Counselling isn’t going to turn me back into the person I was before Jessica died. That person died with Jessica. I will never be the person I was back then. Losing Jessica has changed me forever.
That isn’t to say that I can’t be happy, that I can’t enjoy the things that I used to enjoy. But I know that life can change in an instant; that tragedy can happen to anyone; that no matter how much I want to, no matter how hard I try, I cannot keep my children completely safe.
Jessica’s death was sudden and unexpected. We knew she was unwell, we’d sought medical help and advice, we thought we were doing the right things. I have asked myself many, many times whether I could have done more. Sometimes that question torments me, sometimes I can tell myself that I was doing my best with what I knew at time and that there are no guarantees that Jessica would still be here even if she’d been in hospital that night. Counselling might help me come to terms with the questions that occasionally spin around my head, but asking them helps me to process them.
Sometimes I think people confuse my grief for depression. It might make me more likely to struggle with depression, but it is not the same thing. I’ve struggled with depression several times in my adult life; I know what depression is like. The sense of sadness I feel since losing Jessica comes from a different place; it feels different from the low mood that came with depression. I am grieving, but I am not depressed.
At the moment, I feel like I am coping with my grief as best I can. Hubby and I talk freely about Jessica; about our thoughts and our feelings.
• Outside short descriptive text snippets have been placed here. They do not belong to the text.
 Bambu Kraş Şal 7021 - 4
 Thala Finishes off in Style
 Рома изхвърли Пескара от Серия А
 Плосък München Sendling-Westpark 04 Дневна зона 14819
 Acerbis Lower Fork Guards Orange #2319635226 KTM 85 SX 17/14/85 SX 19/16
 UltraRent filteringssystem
We don’t bottle things up and when the storms of grief come, we ride the waves, allowing ourselves to feel the emotions we need to feel in that moment and not try to fight them or suppress them. I write a lot about how I feel, about my grief journey. It’s my way of processing my thoughts and feelings, getting them out of my head so that they don’t overwhelm me. I also use a journal which is designed to help me reflect on my grief journey each day.
Do I feel I “need” counselling? No.
Do I feel that counselling might be beneficial? Yes.
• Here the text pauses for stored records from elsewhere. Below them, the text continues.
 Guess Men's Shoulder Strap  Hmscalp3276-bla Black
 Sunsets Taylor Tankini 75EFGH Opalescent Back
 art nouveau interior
Counselling gives me a safe space to process my thoughts and feelings and may help give me further tools and strategies to help me cope with them day-to-day. It isn’t going to make me “get over” my grief or package it up into a nice neat little box that I can put away on a shelf and forget all about though.
I have started having counselling recently. In all honesty, I feel like I’m doing it more because other people feel I should rather than because I actually feel the need for it myself. To be fair, I did agree that it would be sensible to have this extra support in place after Thomas arrived, knowing that the challenges of life with a new baby could tip me into depression, especially as I did suffer with postnatal depression after Sophie’s birth. I’m not entirely sure what I’m trying to achieve with it other than having that safe space to talk though.
Ultimately though, counselling is about helping me on my grief journey. It isn’t about making my grief more comfortable for others, or about getting me over it, or about me “moving on” from life with Jessica. I will continue to talk about her, and about my feelings when it comes to grieving for her. If that makes others feel awkward or uncomfortable then that’s for them to deal with. If people choose to step out of my life because they struggle with my grief and the person I have become because of it, they are free to do so.
Of course now that I am having counselling, the inevitable question is whether it is helping me. Like being told I “need” counselling, this innocent, well-meaning question can also be a loaded one. It can carry expectations of what helping me means.
Is it helping me process my thoughts and providing tools to help me on my grief journey? Yes, perhaps it is.
Is it helping make my grief more comfortable for others? Probably not.
Is it going to help me get over my grief and move on? No.
And if that’s what you’re expecting or hoping, then perhaps you should be asking yourself: who is this counselling really for?